L’Etat du Sénégal est, civilement, entièrement responsable dans cette affaire. Maintenant, ce que les gens doivent savoir, c’est que les aéronefs, qu’ils soient des avions, des bateaux, on ne peut pas les jeter dans l’eau ou dans les airs, sans qu’il ait une autorisation technique. Ils sont certifiés. Un bateau marche avec la force des hélices et une propulsion. Dans l’eau, le bateau ne peut pas se renverser si les moteurs ne fonctionnent pas. Cependant, le commandant de bord d’un bateau responsable de tout ce qui arrive s’il plonge à l’eau. Ce, parce qu’avant de partir, il reçoit des fiches techniques et les différentes aptitudes du bateau et, il a la faculté de tout vérifier. Si le commandant du bateau le Joola n’était pas mort, tout allait retomber sur lui. Toute la responsabilité l’incomberait. On l’aurait mis en prison pour homicide involontaire.
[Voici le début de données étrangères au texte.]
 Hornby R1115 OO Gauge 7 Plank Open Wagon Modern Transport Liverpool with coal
Vous dites qu’il est mort mais certains en doutent toujours...
Je vous dis qu’il est mort. Il n’est même pas sorti du bateau. Vous savez, le commandant de bord sort par l’arrière du bateau. Mais, il était coincé. Parce qu’il faisait des premiers à se renverser et il ne pouvait pas sortir. Il faut que les gens aient une vision positive des choses. Il faut qu’on raisonne positivement. Ce commandant a laissé une jeune et deux enfants. Il était un soutien de famille. On ne peut pas lâcher sa famille, sa femme et ses enfants pendant 18 ans. Dire qu’il n’est pas décédé relève de conneries. Il faut que les gens arrêtent parce que cela fait mal à sa famille.
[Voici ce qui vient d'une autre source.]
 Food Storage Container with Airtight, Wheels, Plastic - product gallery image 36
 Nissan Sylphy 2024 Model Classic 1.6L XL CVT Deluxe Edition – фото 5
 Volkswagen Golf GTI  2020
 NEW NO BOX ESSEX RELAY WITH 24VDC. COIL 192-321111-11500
Une veille doléances des familles des victimes : le renflouement du bateau. Pensez-vous que cela est possible ?
Techniquement, le renflouement n’est pas possible. Mais c’est normal que ceux qui ont perdu leurs mères, leurs pères, leurs enfants, leurs frères et sœurs fassent cette demande. Mais si c’était techniquement possible, s’il n’y avait pas des aléas négatifs, le président Macky Sall l’aurait fait.
Pourquoi vous dites que techniquement le renflouement n’est pas possible ? Expliquez-nous davantage ?
Le Joola est un ancien bateau à coq et, il s’est renversé dans des eaux saumâtres, la salinité est à un niveau très élevé. Et le bateau, dans les eaux où il est naufragé, le sable mole. C’est des pâtes. Le bateau s’est englouti à plus de 50 mètres de profondeurs. Les sondes ne répondent plus. Les bateaux peuvent passer dessus et s’en aller sans aucun problème. Donc, son renflouement est impossible. Je dis toujours que Dieu a bien enterré ceux qui sont restés dans le bateau. Ceux là ne disputent pas pour aller au paradis. Leur visa est indiscutable. C’est sûr qu’ils vont aller au paradis parce que, en quelque sorte, ils ont été tués. Le commandant de bord qui a conduit le bateau et tous ceux qui avaient des responsabilités sur le bateau ont provoqué leur mort. Ce que l’Etat doit faire, c’est de mettre là-bas une bouée intelligente et que chaque année, les navettes partent là-bas pour permettre aux familles des victimes d’y faire leur prière.